Accad, who self-describes himself as a conservative Evangelical, and was raised in a Lebanese Church of God, Anderson (an American Wesleyan/holiness denomination), continued to criticize his American counterparts whose faith and politics, he says, leads to unilateral support of Israel and continued demonization of Arabs.

"Theologically and biblically, their unquestioning equation of the modern state of Israel with Biblical Israel is the starting point of an erroneous reading of the Bible," said Accad. Most important to Accad is that such readings of the Bible cause American Christians to see those on the bad side of these interpretations as less than human.

"It's very easy for North Americans who have not lived in a context of conflict to take very lightly the massacre of Palestinians for the sake of fulfillment of prophecy. If we see Middle East events as leading towards the second coming of Christ, then we can justify the massacre of people, we can justify injustice being repeatedly done to whole peoples." Accad said this perspective is challenged when conservative Christians come to do mission, as many where doing at ABTS, when the war broke out in Lebanon.

"Suddenly, we find ourselves stuck in conflict," said Accad about several short-term Baptist groups who were at the seminary when the conflict erupted. "We realize what it means to live in fear, to be under bombing by air, sea, and land." Accad said these conservative, Evangelical, American Christians had been involved in relief work among Muslim Shiites who have been displaced by the hundreds of thousands. "These American Christians have taken food and mattresses and covers, and have provided entertainment and times of worship and sharing with the very people their own government is calling terrorists, and that is what I mean by demonstrating love to conventional enemies.
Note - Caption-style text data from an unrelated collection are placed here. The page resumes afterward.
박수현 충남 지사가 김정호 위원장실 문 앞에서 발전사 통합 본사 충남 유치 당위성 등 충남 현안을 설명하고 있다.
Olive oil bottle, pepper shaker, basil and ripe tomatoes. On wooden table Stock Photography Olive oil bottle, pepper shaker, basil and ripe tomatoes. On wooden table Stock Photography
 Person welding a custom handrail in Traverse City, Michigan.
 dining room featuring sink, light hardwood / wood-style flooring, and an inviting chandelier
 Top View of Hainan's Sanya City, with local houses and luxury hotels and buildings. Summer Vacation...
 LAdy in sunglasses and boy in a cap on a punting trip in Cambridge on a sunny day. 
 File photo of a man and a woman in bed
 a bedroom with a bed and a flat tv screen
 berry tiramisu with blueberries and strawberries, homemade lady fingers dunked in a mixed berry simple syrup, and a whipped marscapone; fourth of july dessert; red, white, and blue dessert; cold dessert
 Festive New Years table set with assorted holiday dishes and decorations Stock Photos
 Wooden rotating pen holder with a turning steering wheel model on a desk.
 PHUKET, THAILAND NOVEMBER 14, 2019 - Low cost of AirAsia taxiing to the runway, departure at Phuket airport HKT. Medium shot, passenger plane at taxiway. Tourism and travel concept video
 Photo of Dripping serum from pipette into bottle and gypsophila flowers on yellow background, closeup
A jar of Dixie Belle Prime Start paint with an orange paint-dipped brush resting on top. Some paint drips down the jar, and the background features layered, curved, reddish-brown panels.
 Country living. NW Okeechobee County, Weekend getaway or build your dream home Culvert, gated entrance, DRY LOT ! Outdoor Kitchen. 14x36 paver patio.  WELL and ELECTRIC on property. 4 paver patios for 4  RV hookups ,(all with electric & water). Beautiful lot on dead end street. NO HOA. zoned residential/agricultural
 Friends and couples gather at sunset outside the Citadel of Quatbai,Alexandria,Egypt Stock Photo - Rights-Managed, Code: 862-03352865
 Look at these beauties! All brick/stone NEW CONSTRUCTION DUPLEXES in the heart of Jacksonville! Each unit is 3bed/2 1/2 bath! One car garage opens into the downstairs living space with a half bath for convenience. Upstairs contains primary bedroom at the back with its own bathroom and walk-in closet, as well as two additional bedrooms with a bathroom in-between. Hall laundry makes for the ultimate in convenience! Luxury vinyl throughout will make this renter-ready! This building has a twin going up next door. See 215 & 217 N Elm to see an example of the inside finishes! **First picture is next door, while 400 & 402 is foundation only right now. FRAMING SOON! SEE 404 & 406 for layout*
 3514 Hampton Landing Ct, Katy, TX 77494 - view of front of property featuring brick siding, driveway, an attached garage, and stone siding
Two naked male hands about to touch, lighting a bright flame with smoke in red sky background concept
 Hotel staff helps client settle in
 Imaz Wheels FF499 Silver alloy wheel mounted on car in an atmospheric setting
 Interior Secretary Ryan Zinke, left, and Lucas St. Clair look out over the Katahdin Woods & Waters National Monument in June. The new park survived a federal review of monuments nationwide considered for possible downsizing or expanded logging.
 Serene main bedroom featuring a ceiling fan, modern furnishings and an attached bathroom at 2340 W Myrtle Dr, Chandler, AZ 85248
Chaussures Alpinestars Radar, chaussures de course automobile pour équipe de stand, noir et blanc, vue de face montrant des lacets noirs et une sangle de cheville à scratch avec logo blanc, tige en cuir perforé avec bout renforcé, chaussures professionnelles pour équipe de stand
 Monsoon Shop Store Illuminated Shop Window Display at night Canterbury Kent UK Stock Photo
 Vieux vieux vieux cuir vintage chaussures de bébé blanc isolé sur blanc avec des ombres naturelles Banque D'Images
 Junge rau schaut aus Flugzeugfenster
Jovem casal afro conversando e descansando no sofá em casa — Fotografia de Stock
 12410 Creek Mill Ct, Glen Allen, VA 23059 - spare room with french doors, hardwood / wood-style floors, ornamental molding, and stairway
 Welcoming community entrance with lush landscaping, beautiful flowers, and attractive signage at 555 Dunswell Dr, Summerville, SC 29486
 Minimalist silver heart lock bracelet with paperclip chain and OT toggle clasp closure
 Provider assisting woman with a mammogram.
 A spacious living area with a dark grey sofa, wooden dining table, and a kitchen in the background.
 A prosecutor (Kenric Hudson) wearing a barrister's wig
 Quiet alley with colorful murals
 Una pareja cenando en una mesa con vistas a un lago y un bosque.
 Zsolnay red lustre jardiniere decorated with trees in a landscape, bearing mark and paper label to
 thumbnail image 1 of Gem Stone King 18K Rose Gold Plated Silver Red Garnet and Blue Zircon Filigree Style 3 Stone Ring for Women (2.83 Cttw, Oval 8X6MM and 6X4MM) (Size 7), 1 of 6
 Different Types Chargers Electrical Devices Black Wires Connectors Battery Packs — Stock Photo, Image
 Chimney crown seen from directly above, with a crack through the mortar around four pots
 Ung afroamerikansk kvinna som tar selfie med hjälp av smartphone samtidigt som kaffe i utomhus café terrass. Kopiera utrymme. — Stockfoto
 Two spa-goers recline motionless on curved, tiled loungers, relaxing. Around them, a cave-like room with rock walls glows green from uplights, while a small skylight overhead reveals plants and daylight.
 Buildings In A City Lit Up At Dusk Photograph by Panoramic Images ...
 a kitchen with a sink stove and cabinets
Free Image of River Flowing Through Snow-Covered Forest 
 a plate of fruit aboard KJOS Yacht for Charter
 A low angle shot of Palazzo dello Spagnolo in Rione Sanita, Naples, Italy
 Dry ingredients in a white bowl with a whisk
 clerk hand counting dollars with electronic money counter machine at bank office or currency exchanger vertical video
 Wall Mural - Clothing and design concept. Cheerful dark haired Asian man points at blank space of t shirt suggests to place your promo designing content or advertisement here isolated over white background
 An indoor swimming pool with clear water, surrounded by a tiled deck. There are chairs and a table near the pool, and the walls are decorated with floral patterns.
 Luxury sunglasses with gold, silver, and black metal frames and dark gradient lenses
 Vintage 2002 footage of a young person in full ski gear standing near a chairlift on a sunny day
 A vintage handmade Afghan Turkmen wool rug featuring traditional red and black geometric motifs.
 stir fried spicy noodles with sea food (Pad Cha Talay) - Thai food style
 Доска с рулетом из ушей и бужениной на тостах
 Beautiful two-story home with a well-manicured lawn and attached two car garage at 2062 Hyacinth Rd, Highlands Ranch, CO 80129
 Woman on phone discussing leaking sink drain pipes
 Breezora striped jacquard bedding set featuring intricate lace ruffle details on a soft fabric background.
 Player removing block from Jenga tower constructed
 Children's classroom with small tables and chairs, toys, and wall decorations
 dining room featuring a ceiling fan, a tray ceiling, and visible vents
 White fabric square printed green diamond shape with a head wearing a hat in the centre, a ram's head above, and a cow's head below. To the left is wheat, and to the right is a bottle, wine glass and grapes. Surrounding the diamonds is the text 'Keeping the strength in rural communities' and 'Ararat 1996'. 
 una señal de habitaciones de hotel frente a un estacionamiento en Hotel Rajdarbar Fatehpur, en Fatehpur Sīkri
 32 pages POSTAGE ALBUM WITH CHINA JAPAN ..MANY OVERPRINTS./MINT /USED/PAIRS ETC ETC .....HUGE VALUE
That is one of the most positive things that could happen."

Accad is hopeful that American Christians will continue to inform themselves and look at the root causes of the conflict, which he places not with terror, but the ongoing question of a Palestinian state, and the history of partition in the region. Accad issues these challenges as one who studied for his master's and Ph.D degrees at Oxford University, specializing in nearly 1,500 years of Muslim-Christian relations. He is currently finishing a book that seeks new ways to engage in Muslim-Christian relations.

Accad emphasizes a new approach to dialogue, which moves beyond exclusivism or relativism. "I do not do the sort of dialogue which claims we are each on different tracks leading to the same purpose. For me, what God has brought to us in Jesus is good news, and good news doesn't need an excuse to be good news," said Accad, adding, "I don't need to destroy the other to be good news." The problem to be confronted, according to Accad is "Some Evangelical Christians believe they must destroy Islam before they can preach."

Accad formed the Institute for Middle East Studies at ABTS, which has held several dialogues between Evangelical Christians and Muslims for three years. He said just three weeks before the war, ABTS had held its most recent dialogue, and he asked one of the seminary's leaders to call two Muslim Shiite clerics who participated, to see if they were safe, after bombing in their neighborhood. School officials were able to reach one of the clerics who admitted his surprise at the call. Accad said the cleric remarked, "You are different."